The technical challenges, as well as potential for live info-graphics in sport
make this a pretty interesting area, and it's nice to see relatively modest
setups capable of producing what were, until recently, digustingly complex and
expensive video effects/compositing tasks.

[1]
[http://www.wired.com/playbook/2012/08/ff_americascup_ellison...](http://www.wired.com/playbook/2012/08/ff_americascup_ellison/all/)

------
danso
This reminds me of a humorous blog post by the New York Times interactive
graphics desk, in which they debated several options for overlaying flags for
swimmers...not for live TV but for their 3D renders:

[http://chartsnthings.tumblr.com/post/29133053109/the-
olympic...](http://chartsnthings.tumblr.com/post/29133053109/the-olympics-are-
almost-over)

------
jaseflow
This is very cool!

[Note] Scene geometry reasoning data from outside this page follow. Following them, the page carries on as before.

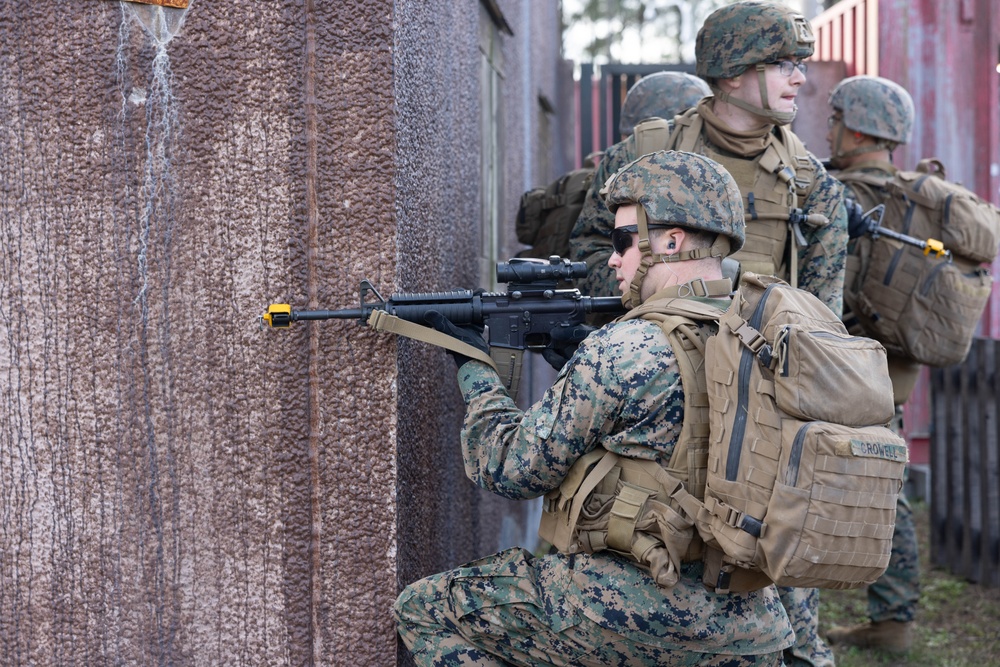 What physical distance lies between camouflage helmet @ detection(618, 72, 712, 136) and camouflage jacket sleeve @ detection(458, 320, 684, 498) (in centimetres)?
229

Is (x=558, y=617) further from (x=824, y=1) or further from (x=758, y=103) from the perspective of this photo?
(x=824, y=1)

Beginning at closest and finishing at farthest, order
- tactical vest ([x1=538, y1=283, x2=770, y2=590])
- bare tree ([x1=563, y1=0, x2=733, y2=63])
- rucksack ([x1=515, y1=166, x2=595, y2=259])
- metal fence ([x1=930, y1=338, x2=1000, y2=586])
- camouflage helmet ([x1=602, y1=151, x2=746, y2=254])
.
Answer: tactical vest ([x1=538, y1=283, x2=770, y2=590]) → camouflage helmet ([x1=602, y1=151, x2=746, y2=254]) → rucksack ([x1=515, y1=166, x2=595, y2=259]) → metal fence ([x1=930, y1=338, x2=1000, y2=586]) → bare tree ([x1=563, y1=0, x2=733, y2=63])

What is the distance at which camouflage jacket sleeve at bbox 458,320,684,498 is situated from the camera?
2.44 m

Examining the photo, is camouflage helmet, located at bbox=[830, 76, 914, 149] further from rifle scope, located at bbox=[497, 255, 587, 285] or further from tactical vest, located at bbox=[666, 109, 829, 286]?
rifle scope, located at bbox=[497, 255, 587, 285]

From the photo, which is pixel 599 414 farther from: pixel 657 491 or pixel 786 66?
pixel 786 66

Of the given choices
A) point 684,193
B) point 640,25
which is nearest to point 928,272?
point 684,193

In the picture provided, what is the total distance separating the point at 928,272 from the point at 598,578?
305 centimetres

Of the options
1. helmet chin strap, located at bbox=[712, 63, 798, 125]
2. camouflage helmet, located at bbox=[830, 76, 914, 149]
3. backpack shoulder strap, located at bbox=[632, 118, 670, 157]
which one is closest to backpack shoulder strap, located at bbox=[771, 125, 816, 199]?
helmet chin strap, located at bbox=[712, 63, 798, 125]

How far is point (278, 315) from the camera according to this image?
8.71 ft

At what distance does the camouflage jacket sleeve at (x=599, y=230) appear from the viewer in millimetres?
3746

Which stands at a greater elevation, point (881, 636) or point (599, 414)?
point (599, 414)

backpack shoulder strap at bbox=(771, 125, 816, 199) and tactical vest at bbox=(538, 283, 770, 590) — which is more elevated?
backpack shoulder strap at bbox=(771, 125, 816, 199)

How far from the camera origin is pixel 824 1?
1723 centimetres

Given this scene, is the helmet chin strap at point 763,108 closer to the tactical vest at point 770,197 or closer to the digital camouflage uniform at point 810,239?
the tactical vest at point 770,197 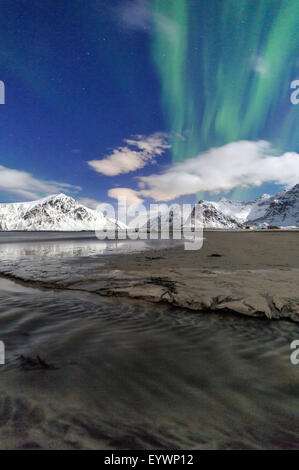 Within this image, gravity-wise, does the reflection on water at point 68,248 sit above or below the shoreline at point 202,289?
above

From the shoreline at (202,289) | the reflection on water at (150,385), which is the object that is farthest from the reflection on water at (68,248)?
the reflection on water at (150,385)

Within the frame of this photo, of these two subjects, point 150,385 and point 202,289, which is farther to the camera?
point 202,289

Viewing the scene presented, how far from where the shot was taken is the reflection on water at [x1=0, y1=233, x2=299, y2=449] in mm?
1371

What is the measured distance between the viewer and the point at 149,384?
191 centimetres

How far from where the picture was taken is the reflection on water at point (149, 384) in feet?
4.50

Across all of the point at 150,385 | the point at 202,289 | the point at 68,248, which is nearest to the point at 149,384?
the point at 150,385

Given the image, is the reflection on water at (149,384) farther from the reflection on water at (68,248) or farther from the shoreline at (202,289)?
the reflection on water at (68,248)

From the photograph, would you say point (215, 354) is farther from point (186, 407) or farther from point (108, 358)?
point (108, 358)

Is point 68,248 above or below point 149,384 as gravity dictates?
above

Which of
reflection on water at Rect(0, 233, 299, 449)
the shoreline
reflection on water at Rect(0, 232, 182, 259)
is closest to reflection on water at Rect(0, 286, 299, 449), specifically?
reflection on water at Rect(0, 233, 299, 449)

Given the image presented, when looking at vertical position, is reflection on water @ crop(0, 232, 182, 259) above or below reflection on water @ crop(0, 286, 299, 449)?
above

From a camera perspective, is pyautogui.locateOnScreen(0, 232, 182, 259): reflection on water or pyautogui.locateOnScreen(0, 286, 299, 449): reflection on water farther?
pyautogui.locateOnScreen(0, 232, 182, 259): reflection on water

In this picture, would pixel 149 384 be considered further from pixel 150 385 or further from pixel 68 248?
pixel 68 248

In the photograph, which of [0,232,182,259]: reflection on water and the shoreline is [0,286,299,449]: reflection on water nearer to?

Things like this are what's going to allow CSS to become
the design language of future UI.

I can see this being used in a car where an interface is displayed over the
top corner of a screen.

------
rtexal
there are quite a few videos i see out there that place augmented objects in a
video which moves accordingly to the shift of the camera. However that is not
live. Combined with AR algorithms, I am pretty sure that this could be a
kickass overlay for web live videos in the future.

------
jQueryIsAwesome
My (nonexistent) OCD was kicking in and I had to fix the skew in demo.html:
<http://rapedinheaven.com/with_skew.html> (5deg, 0deg)